Si j'avance que ses créations sont à l'état pur, sans ruses ni intermédiaires artificiels, cela ne veut nullement dire qu'elles sont « primitives », sans pivot, ni moyens d'expression. Elles portent à leur source, à leur extrême pointe, leur propre science puisée en elles-mêmes, une connaissance infuse de leurs pouvoirs, une connaissance instinctive, certes, mais dirigée et loin des stérilisantes joutes de l'art adulte depuis longtemps ossifié. Elles sont aussi loin de ce que l'on appelle de nos jours le « naïvisme », imposture de la peinture contemporaine qui, ayant fait fausse route en se perdant dans l'abstrait, cherche à se réhabiliter et s'ingénie à faire ingénu en singeant justement l'enfant qui dessine ou peint, en se donnant des allures d'enfant qui ne sont que des allures de vieillard.

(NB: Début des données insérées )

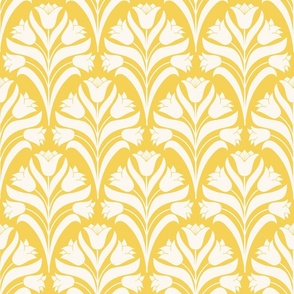 Damask style in creamy ivory white on buttery golden yellow  tulip flower spray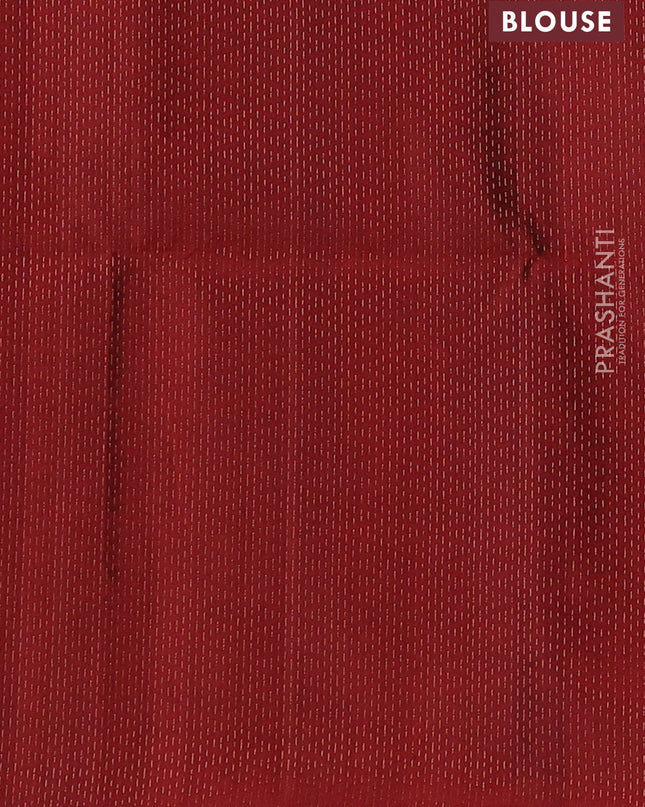 Pure soft silk saree elaichi green and maroon with allover zari weaves in borderless style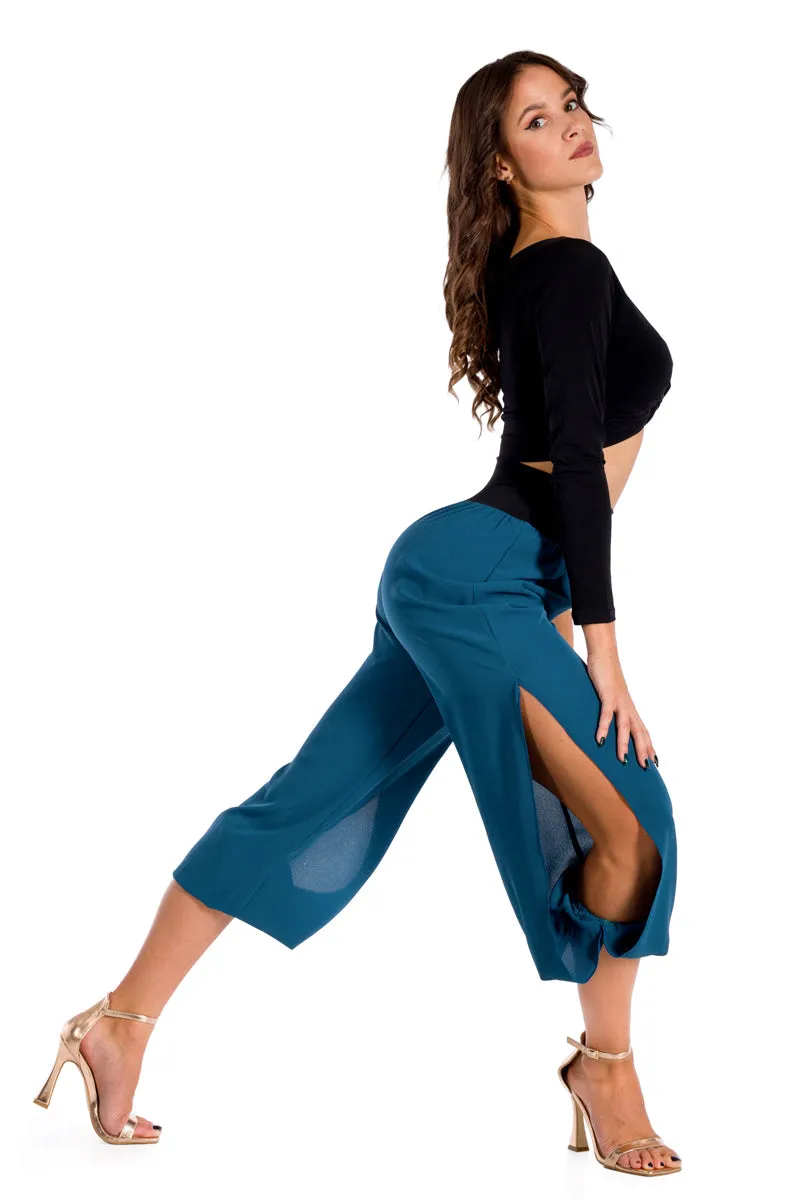 Petrol Blue Gathered Pants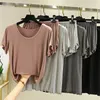 Kvinnors sömnkläder kvinnors t-shirt modal kort ärm t-shirt sommar lös pyjamas set casual tunna tvådelar toppar shorts nattkläder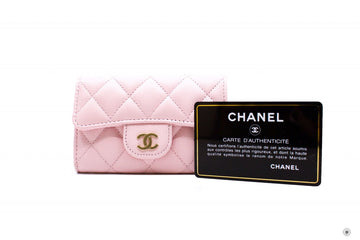 Top Quality Chanel AP0214Y33352 Classic Card Holder Pink / NH620 Leather Card Holder Pbhw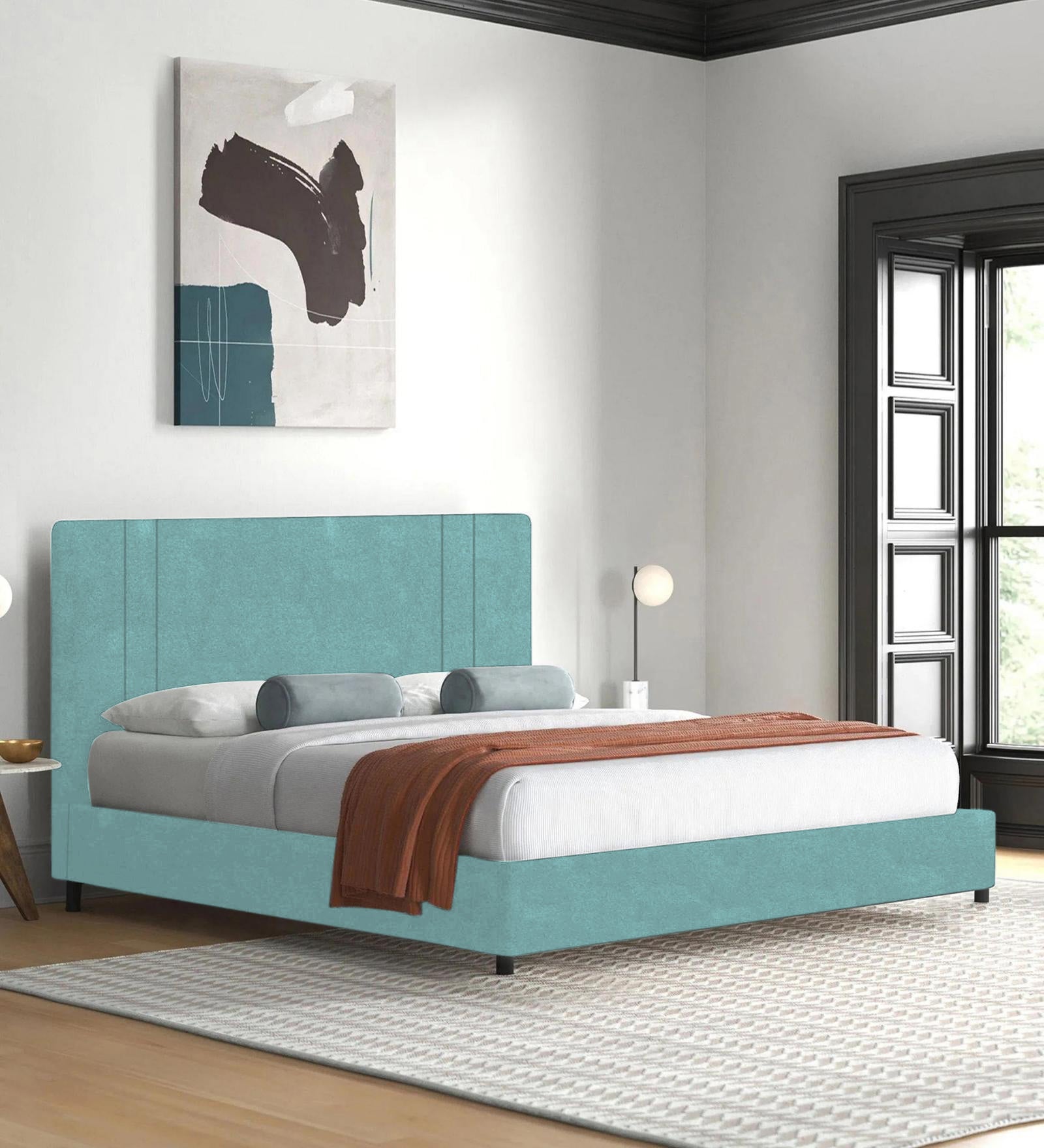 Asyra Velvet Queen Size Bed in Barmunda Aqua Colour With Box Storage - Febonic Living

Autre chose que cet art enfantin qui bouge, est mouvement, ne s'embarrasse ni de la perspective ni des lois étroites et strictes, avec cette fraîcheur de la couleur et des lignes enlevées d'un envol, dans sa gaucherie qui n'est ni voulue, ni recherchée, sans technique, mais qui se calque sur ce qui est vie. Que l'on ne s'imagine pas que l'enfant, crayon ou pinceau en main, jette sur le papier des figures inconscientes. Elles sont au contraire le fruit médité d'une tâtonnante recherche intérieure surgie à la bouche de la source, dans le flot venue du fin fond de cette source qui a eu le temps, dans son parcours, de se diriger, de se faire. Elles ressemblent, ces figures, à tout ce qui jaillit des genèses dans lesquelles se dévident les ténèbres illuminantes de ce qui naît, respire, enfin vit, et coulées dans une perfection d'un autre ordre que la règle d'or d'autrefois, trouvée d'emblée par la main de l'enfant à laquelle aboutit son esprit, cette main qui pense et sent mais par d'autres voies que les nôtres.

   

Je pense en écrivant ces lignes, à ce que Picasso confiait à Brassaï : « Quand je vois dessiner les gosses dans la rue, sur l'asphalte ou sur les murs, je m'arrête toujours... On est surpris de ce qui sort de leurs mains. Ils m'apprennent toujours quelque chose... » Matisse disait de même un jour en rendant visite à une exposition de dessins d'enfants : « J'ai tout à apprendre de cet art ». Car c'est un art qui prend à peine son essor, visionnaire, fluide, se déroulant sur des registres neufs et qui pourrait bien montrer la direction aux peintres déchirés entre eux-mêmes et les lois externes que des siècles de peinture leur imposent en les étouffant dans des carcans qui tuent leur inspiration, bouleversent et épuisent la rigueur spontanée des images. Et c'est l'honneur de la revue Art Enfantin d'avoir la première ouvert la voie à ces créations ruisselantes d'une beauté « autre » et de nous convier à nous pencher sur leurs frémissantes visions qui nous ramènent au domaine que nous gardons dans le fatras de nos idéologies rationalistes et dont nous portons la nostalgie, le domaine miraculeux de notre enfance.